Working data:
+++
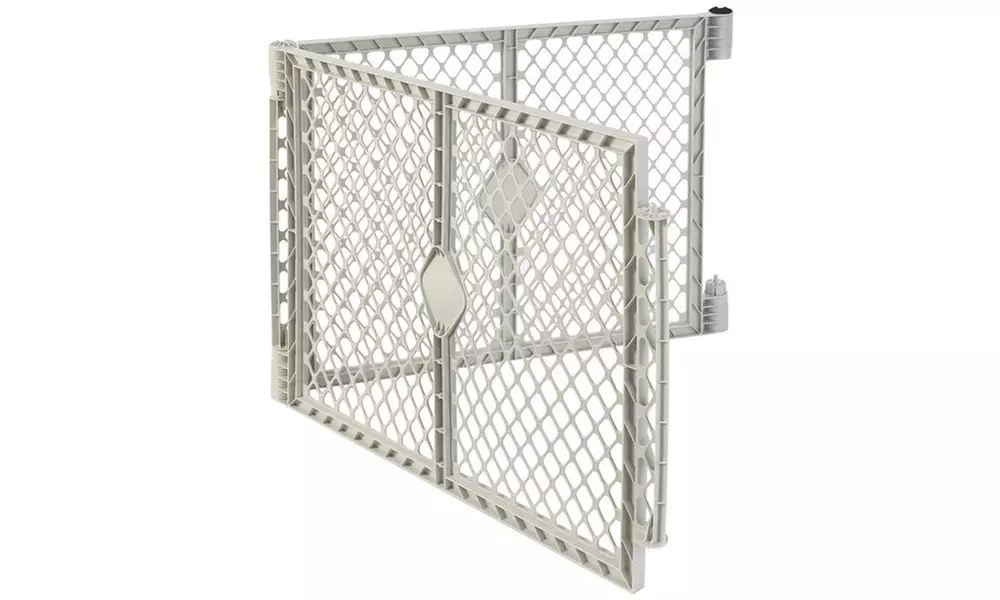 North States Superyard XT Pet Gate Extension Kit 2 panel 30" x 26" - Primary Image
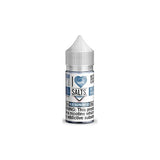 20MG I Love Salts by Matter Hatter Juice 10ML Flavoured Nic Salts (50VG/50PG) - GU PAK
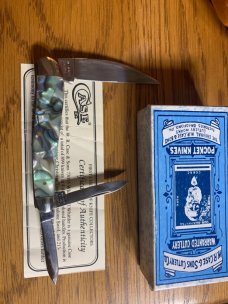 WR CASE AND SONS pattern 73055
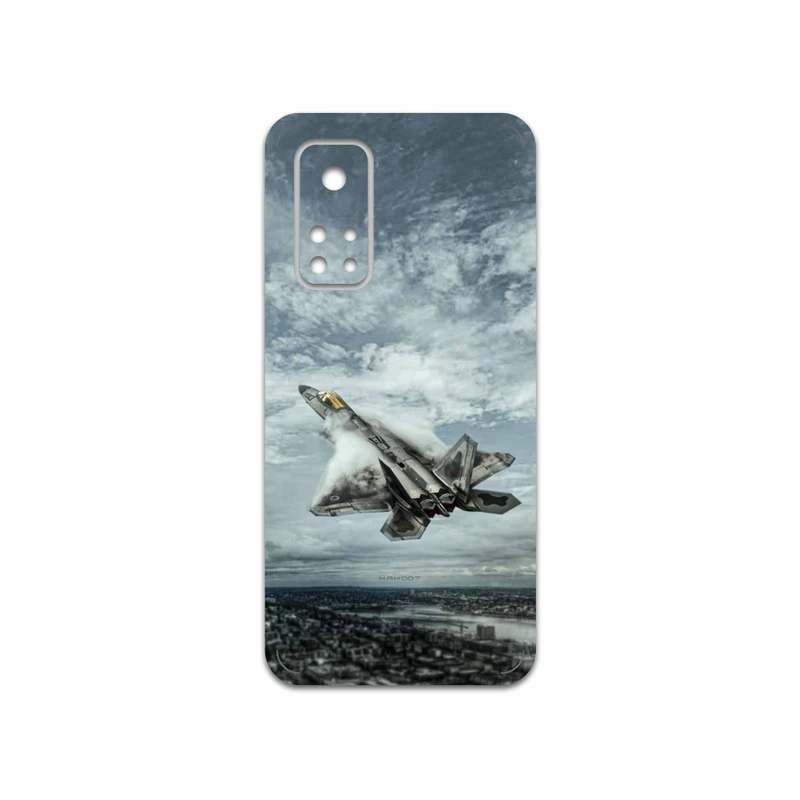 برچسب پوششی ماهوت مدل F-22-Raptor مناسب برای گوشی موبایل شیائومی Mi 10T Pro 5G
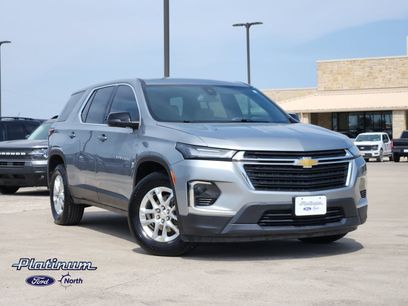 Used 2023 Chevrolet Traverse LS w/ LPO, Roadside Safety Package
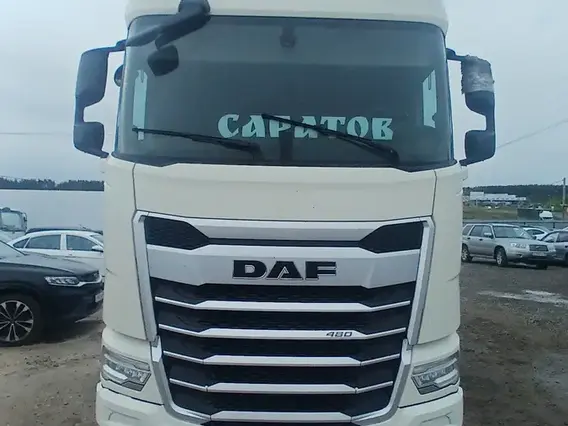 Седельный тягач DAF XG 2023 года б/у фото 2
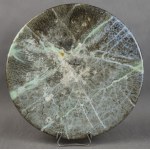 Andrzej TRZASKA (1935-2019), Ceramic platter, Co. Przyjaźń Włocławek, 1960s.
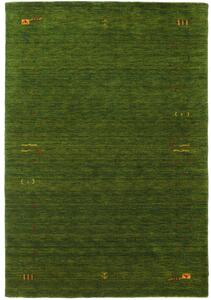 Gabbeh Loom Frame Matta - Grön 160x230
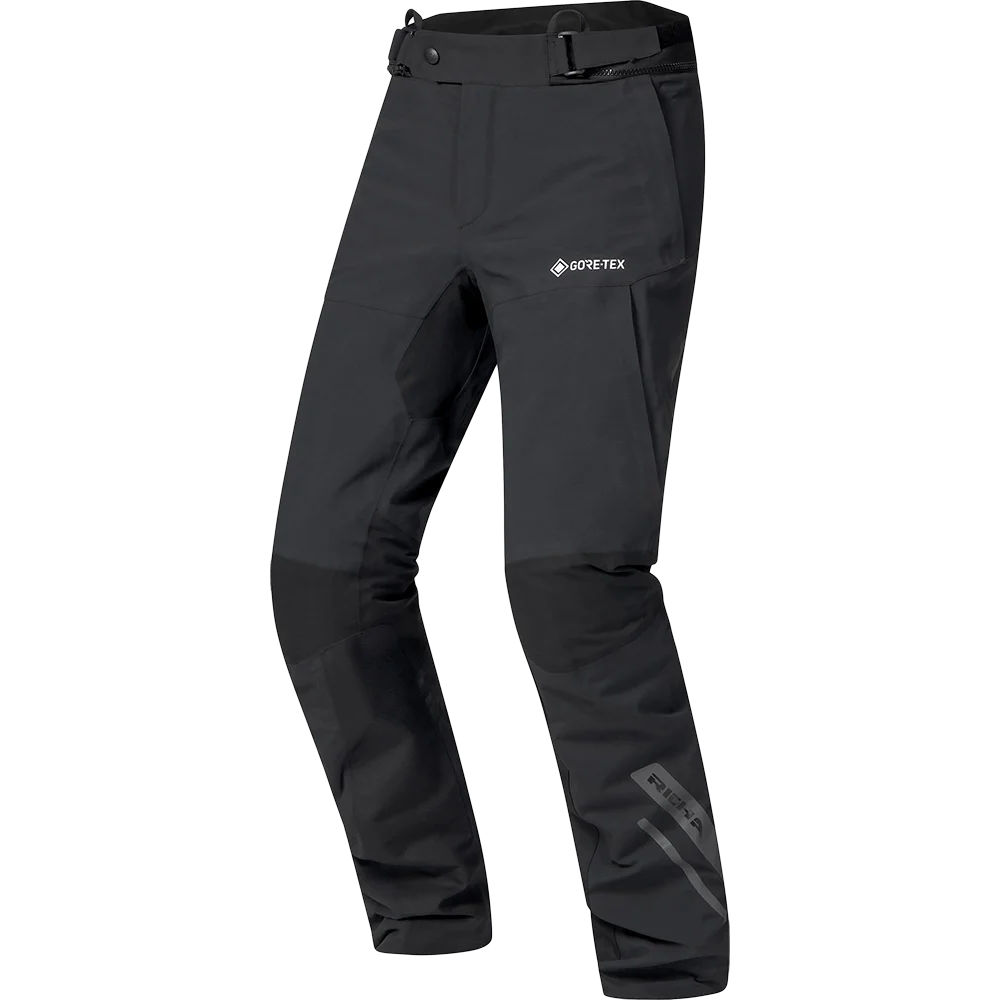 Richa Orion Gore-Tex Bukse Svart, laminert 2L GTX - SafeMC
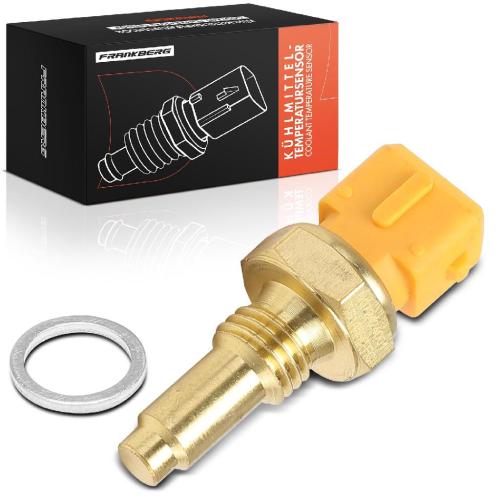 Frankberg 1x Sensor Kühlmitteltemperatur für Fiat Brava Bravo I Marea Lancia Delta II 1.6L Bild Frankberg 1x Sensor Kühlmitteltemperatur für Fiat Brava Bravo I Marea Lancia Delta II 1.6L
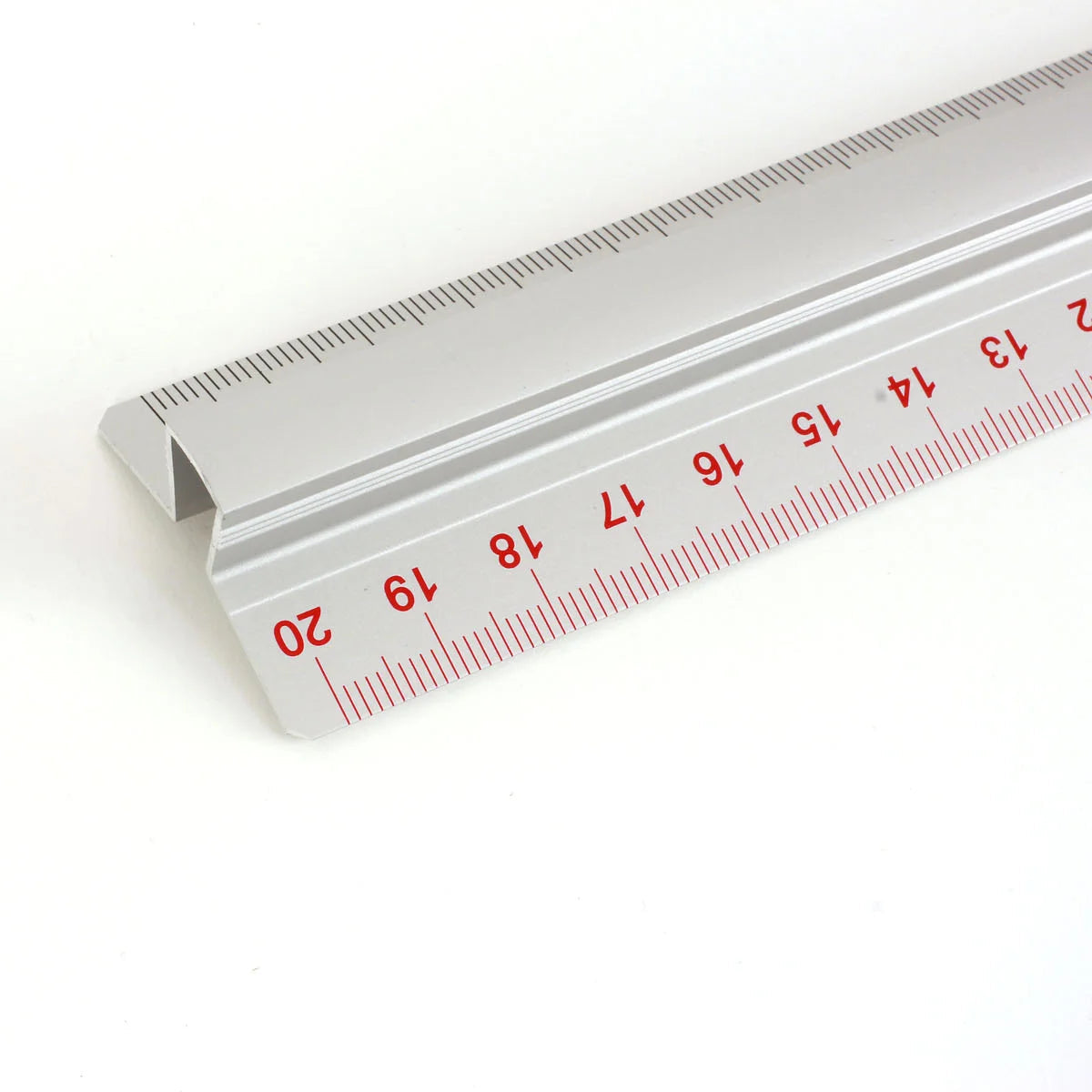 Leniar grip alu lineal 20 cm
+++
Exercise requirements: An exact restatement is expected of the lines from the line containing "برچسب پوششی ماهوت" to the end of the data above, pictures excluded.

Answer box:
 برچسب پوششی ماهوت مدل F-22-Raptor مناسب برای گوشی موبایل شیائومی Mi 10T Pro 5G
 Used 2023 Chevrolet Traverse LS w/ LPO, Roadside Safety Package
 Седельный тягач DAF XG 2023 года б/у фото 2
 Andrzej TRZASKA (1935-2019), Ceramic platter, Co. Przyjaźń Włocławek, 1960s.
 Gabbeh Loom Frame Matta - Grön 160x230
 Richa Orion Gore-Tex Bukse Svart, laminert 2L GTX - SafeMC
 Frankberg 1x Sensor Kühlmitteltemperatur für Fiat Brava Bravo I Marea Lancia Delta II 1.6L Bild Frankberg 1x Sensor Kühlmitteltemperatur für Fiat Brava Bravo I Marea Lancia Delta II 1.6L
 Leniar grip alu lineal 20 cm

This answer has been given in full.